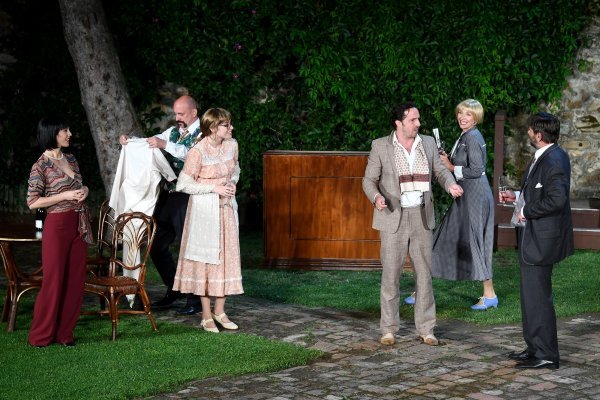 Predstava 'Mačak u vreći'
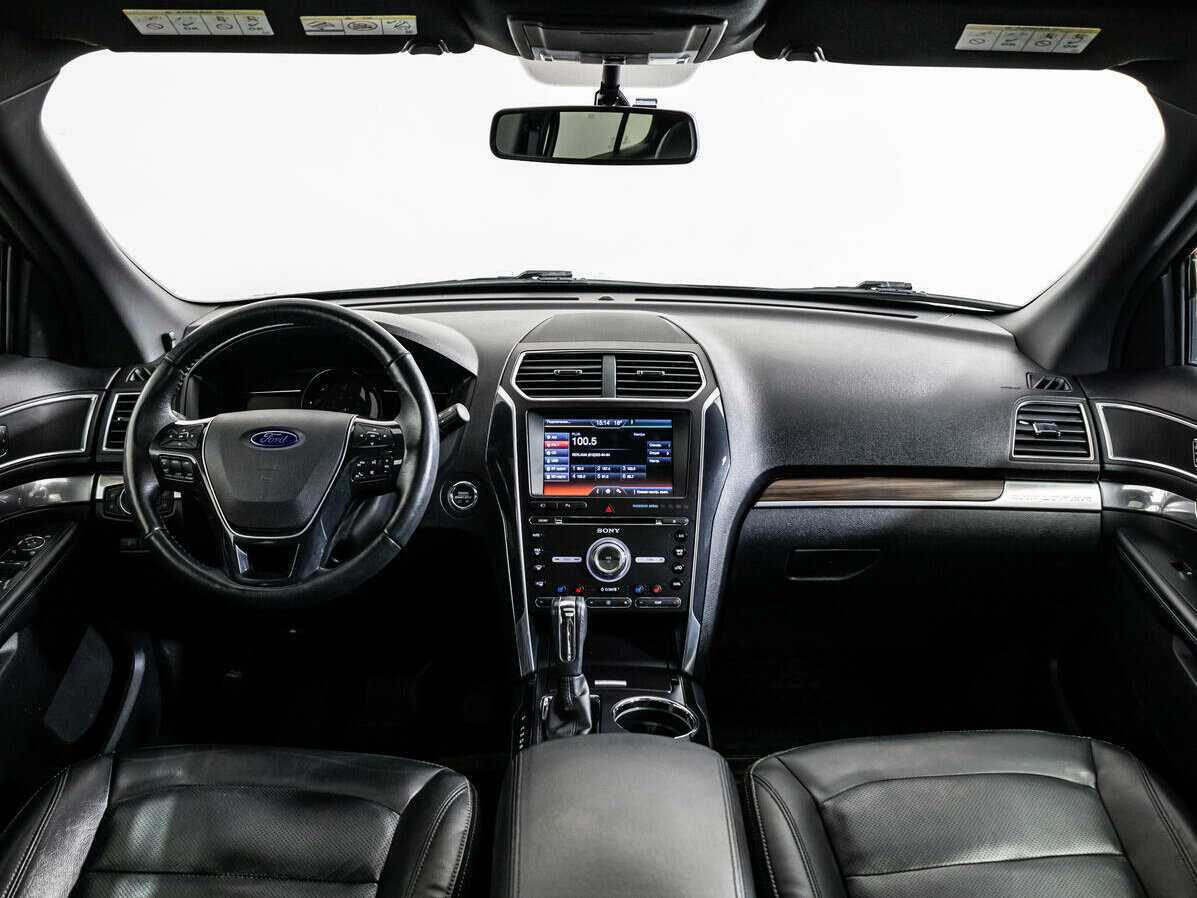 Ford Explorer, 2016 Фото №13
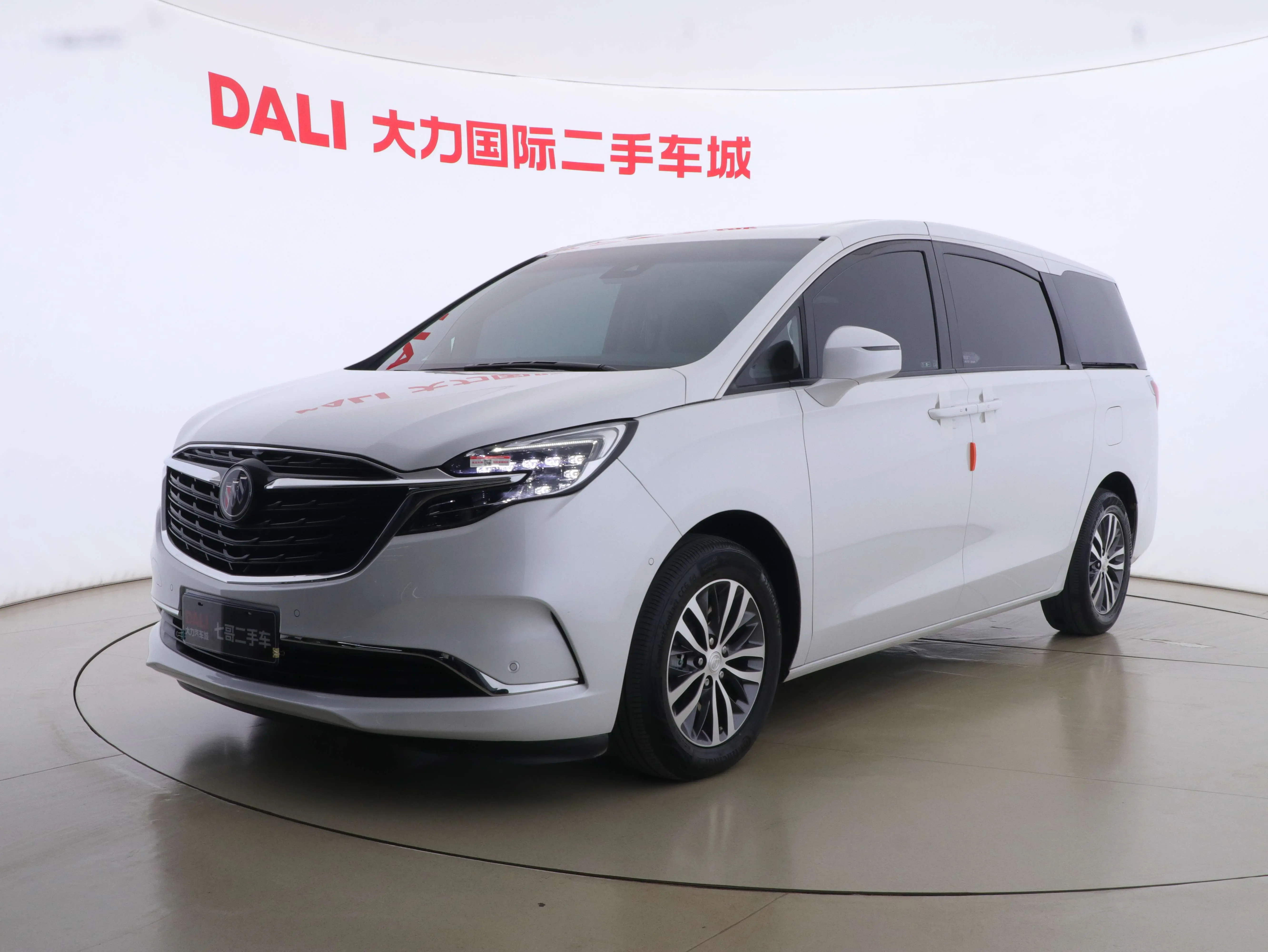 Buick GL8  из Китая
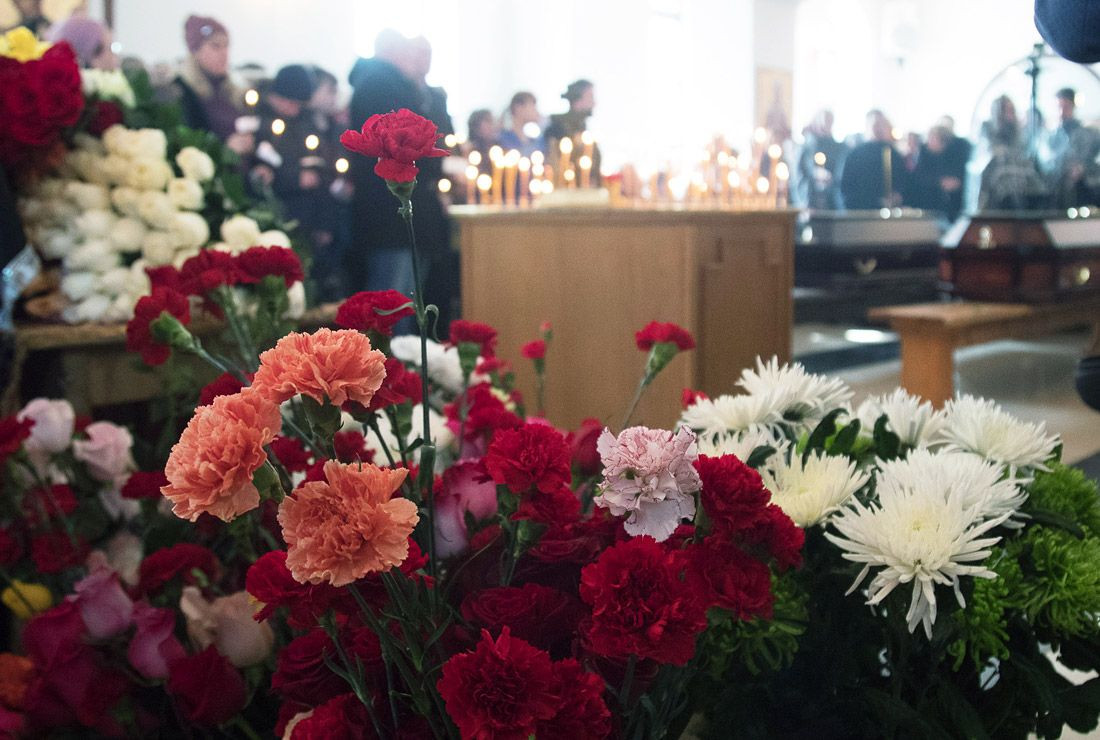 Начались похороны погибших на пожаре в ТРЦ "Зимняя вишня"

-----

* _Exercise description_:
Return all the lines above exactly; none of the pictures should appear.

* _Final answer_:
 Predstava 'Mačak u vreći'
 Ford Explorer, 2016 Фото №13
 Buick GL8  из Китая
 Начались похороны погибших на пожаре в ТРЦ "Зимняя вишня"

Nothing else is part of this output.